The third exhibition was of photos take by citizens of this city depicting life here, part of an exchange exhibition with Gladstone’s Japanese sister-city. It was interesting but generally as amateurish as my own photography.

Tucked away behind a shopping block, we found another gallery recommended to us, featuring the work of local artists. The gallery is sponsored by Rio Tinto, shareholders in the aluminium smelter, and of course is a PR exercise. There was some good work there as well as some unimpressive. I have to say however that when one no longer has a house in which to hang artworks, one has an entirely different take on the art featured in these places.

By this time we had decided that we wanted to spend several days in or near Gladstone. We were interested in the Industry Tours and had discovered at the Information Centre earlier in the day that each of the industries who offer these tours, do so only one day each week, and we needed to remain in the area through to early next week. Again, as so often seems to happen, we had arrived at the wrong time of the week, and we would be stymied by the weekend.

Our camp beside the Calliope River
We set the Tomtom for a campsite advertised in both the CMCA bible and the Camps Australia Wide, on the Calliope River, some twenty or so kilometres east of Gladstone. We were led north on the road toward Rockhampton, across more mangrove flats, past factories belching clouds of steam and smoke, and on roads that led to Mount Larkham, a place far north of Calliope. Several times we were directed into factory entrances, and then having done so, Tomtom cried out “Turn around as soon as possible!”.
“Well why did you tell us to go this way?” we responded.

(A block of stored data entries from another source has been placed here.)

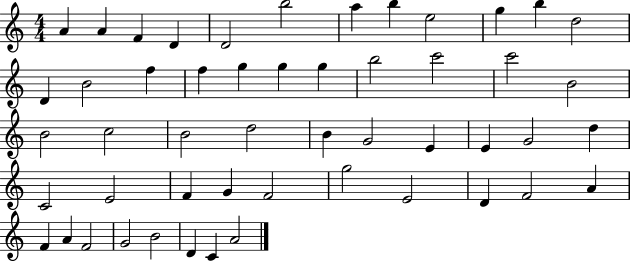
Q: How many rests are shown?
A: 0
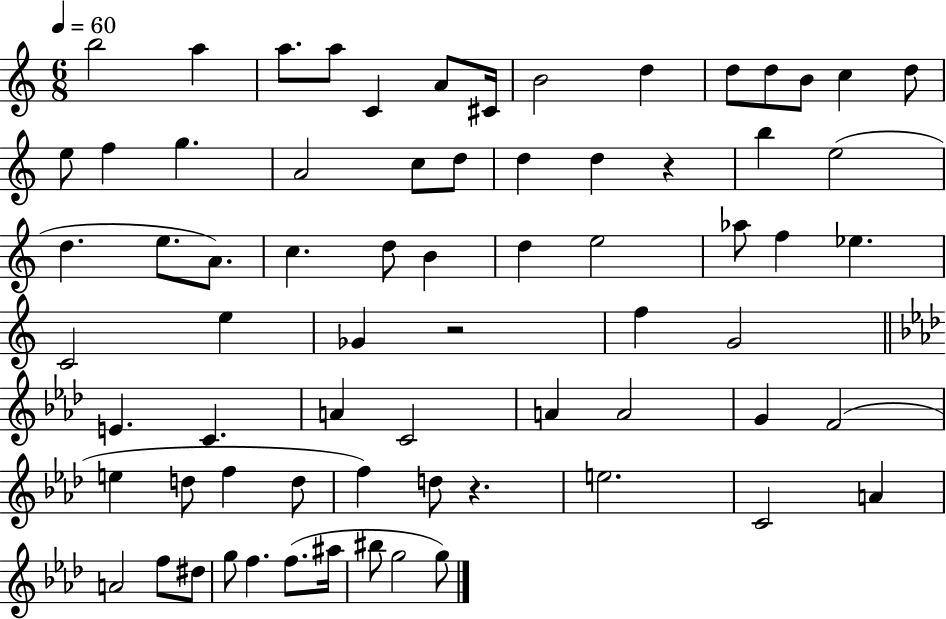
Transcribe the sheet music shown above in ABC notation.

X:1
T:Untitled
M:6/8
L:1/4
K:C
b2 a a/2 a/2 C A/2 ^C/4 B2 d d/2 d/2 B/2 c d/2 e/2 f g A2 c/2 d/2 d d z b e2 d e/2 A/2 c d/2 B d e2 _a/2 f _e C2 e _G z2 f G2 E C A C2 A A2 G F2 e d/2 f d/2 f d/2 z e2 C2 A A2 f/2 ^d/2 g/2 f f/2 ^a/4 ^b/2 g2 g/2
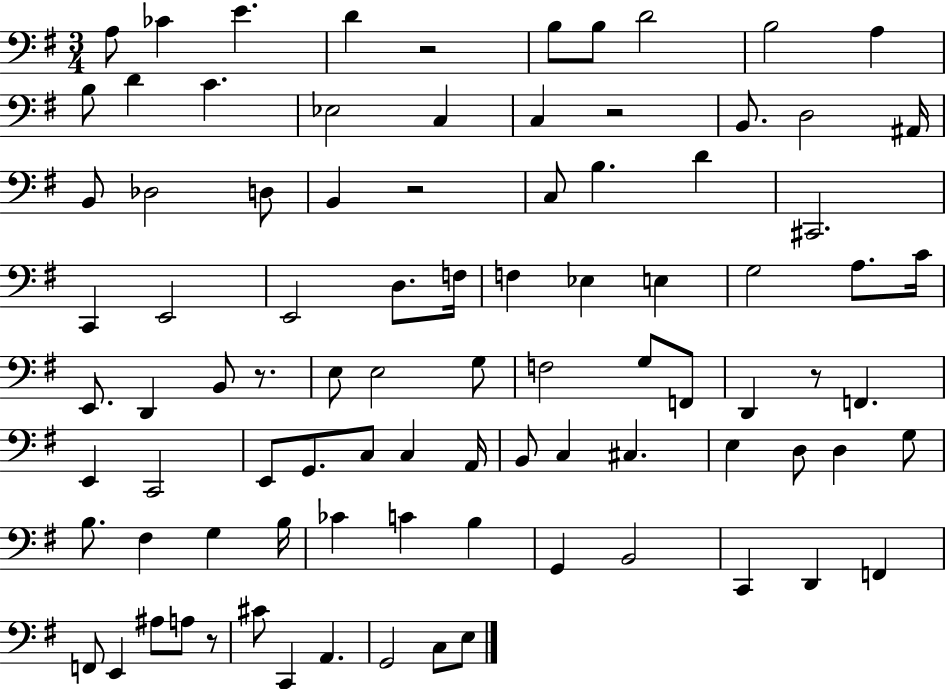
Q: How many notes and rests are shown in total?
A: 90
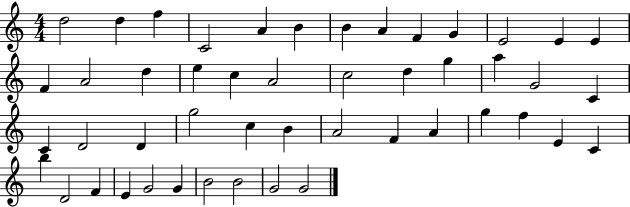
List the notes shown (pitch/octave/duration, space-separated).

D5/h D5/q F5/q C4/h A4/q B4/q B4/q A4/q F4/q G4/q E4/h E4/q E4/q F4/q A4/h D5/q E5/q C5/q A4/h C5/h D5/q G5/q A5/q G4/h C4/q C4/q D4/h D4/q G5/h C5/q B4/q A4/h F4/q A4/q G5/q F5/q E4/q C4/q B5/q D4/h F4/q E4/q G4/h G4/q B4/h B4/h G4/h G4/h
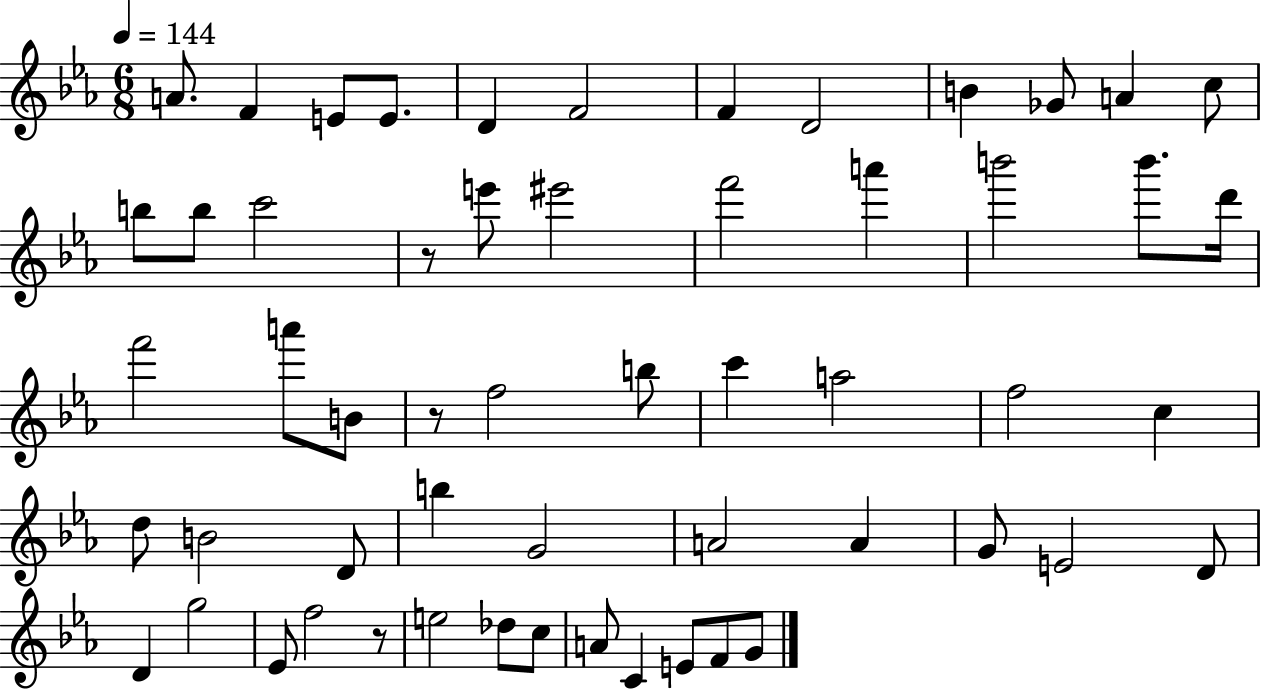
{
  \clef treble
  \numericTimeSignature
  \time 6/8
  \key ees \major
  \tempo 4 = 144
  a'8. f'4 e'8 e'8. | d'4 f'2 | f'4 d'2 | b'4 ges'8 a'4 c''8 | \break b''8 b''8 c'''2 | r8 e'''8 eis'''2 | f'''2 a'''4 | b'''2 b'''8. d'''16 | \break f'''2 a'''8 b'8 | r8 f''2 b''8 | c'''4 a''2 | f''2 c''4 | \break d''8 b'2 d'8 | b''4 g'2 | a'2 a'4 | g'8 e'2 d'8 | \break d'4 g''2 | ees'8 f''2 r8 | e''2 des''8 c''8 | a'8 c'4 e'8 f'8 g'8 | \break \bar "|."
}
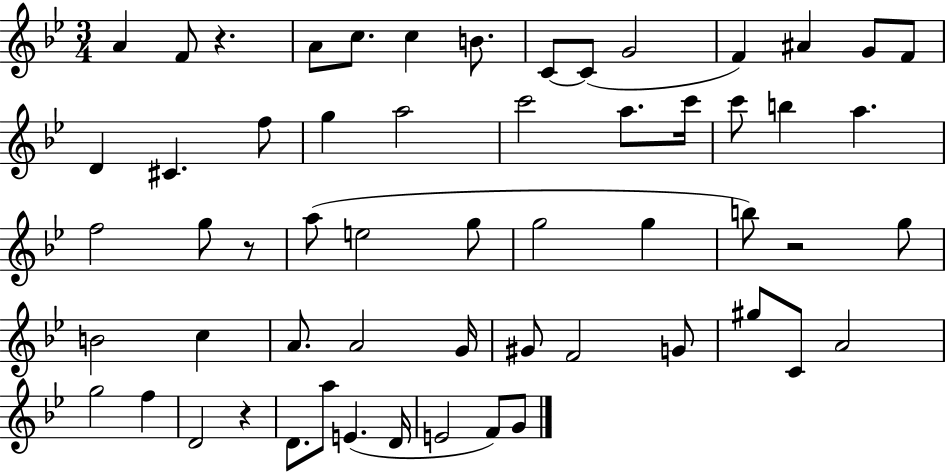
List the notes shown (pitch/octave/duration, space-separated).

A4/q F4/e R/q. A4/e C5/e. C5/q B4/e. C4/e C4/e G4/h F4/q A#4/q G4/e F4/e D4/q C#4/q. F5/e G5/q A5/h C6/h A5/e. C6/s C6/e B5/q A5/q. F5/h G5/e R/e A5/e E5/h G5/e G5/h G5/q B5/e R/h G5/e B4/h C5/q A4/e. A4/h G4/s G#4/e F4/h G4/e G#5/e C4/e A4/h G5/h F5/q D4/h R/q D4/e. A5/e E4/q. D4/s E4/h F4/e G4/e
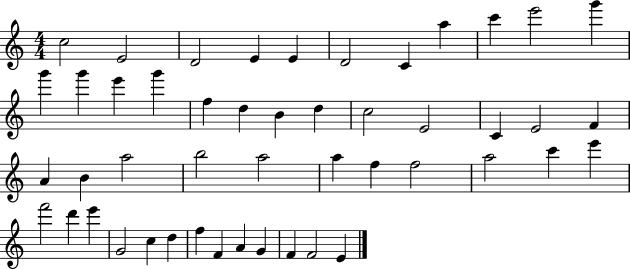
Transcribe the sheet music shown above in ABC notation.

X:1
T:Untitled
M:4/4
L:1/4
K:C
c2 E2 D2 E E D2 C a c' e'2 g' g' g' e' g' f d B d c2 E2 C E2 F A B a2 b2 a2 a f f2 a2 c' e' f'2 d' e' G2 c d f F A G F F2 E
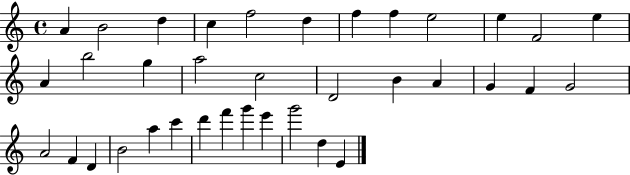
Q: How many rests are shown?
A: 0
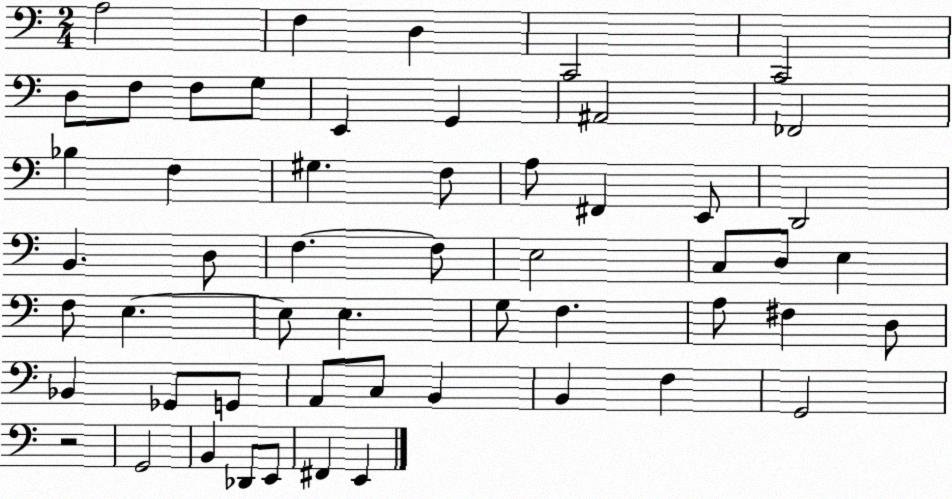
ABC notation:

X:1
T:Untitled
M:2/4
L:1/4
K:C
A,2 F, D, C,,2 C,,2 D,/2 F,/2 F,/2 G,/2 E,, G,, ^A,,2 _F,,2 _B, F, ^G, F,/2 A,/2 ^F,, E,,/2 D,,2 B,, D,/2 F, F,/2 E,2 C,/2 D,/2 E, F,/2 E, E,/2 E, G,/2 F, A,/2 ^F, D,/2 _B,, _G,,/2 G,,/2 A,,/2 C,/2 B,, B,, F, G,,2 z2 G,,2 B,, _D,,/2 E,,/2 ^F,, E,,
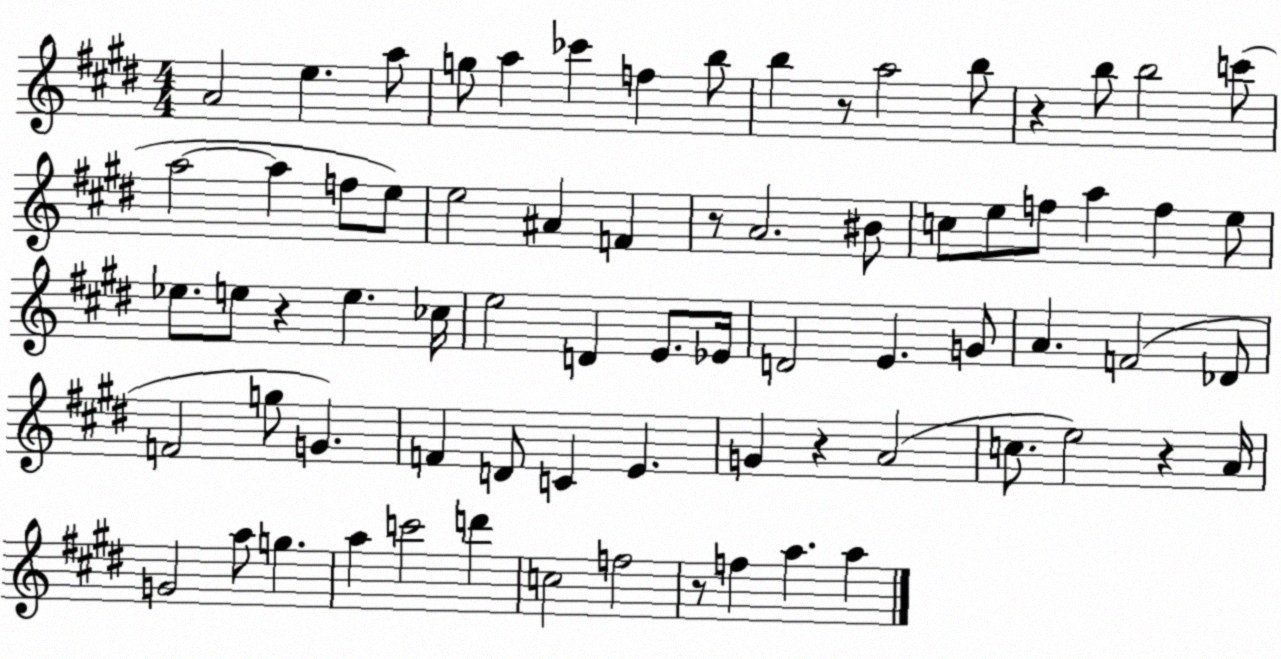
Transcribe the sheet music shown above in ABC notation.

X:1
T:Untitled
M:4/4
L:1/4
K:E
A2 e a/2 g/2 a _c' f b/2 b z/2 a2 b/2 z b/2 b2 c'/2 a2 a f/2 e/2 e2 ^A F z/2 A2 ^B/2 c/2 e/2 f/2 a f e/2 _e/2 e/2 z e _c/4 e2 D E/2 _E/4 D2 E G/2 A F2 _D/2 F2 g/2 G F D/2 C E G z A2 c/2 e2 z A/4 G2 a/2 g a c'2 d' c2 f2 z/2 f a a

We pressed on and were finally taken in a round about way out on to the Bruce Highway more or less opposite the turn to the camp. While frustrating to say the least, it had been a very pleasant drive, but far longer than we expected. We will return to Gladstone tomorrow morning by an alternative route and will then judge whether Tomtom’s route was better than the one we would have otherwise taken.

This camp here on the north side of the Calliope River is just a-maz-ing! There are wide grassy areas either side of the river. These two areas, north and south, were once joined by an old concrete bridge spanning a low part of the river, but the bridge has now been closed, considered to be unsafe. We are on the higher northern banks, the area on the southern banks is lower and could be flood prone in different conditions.

At about four o’clock, there were about twenty five rigs or motorhomes on each side of the river. Subsequent to that time, many more ventured in. I was reminded of the scores of motorhomes that one sees lining part of the seabird coast, the south western shores of New Zealand’s Firth of Thames; perhaps as many as a hundred around Easter.

We are just flabbergasted by the number of campers and absolutely wowed by the beauty of the place. We sat outside before sunset and listened to the birds readying themselves for bed, before settling in for the evening ourselves.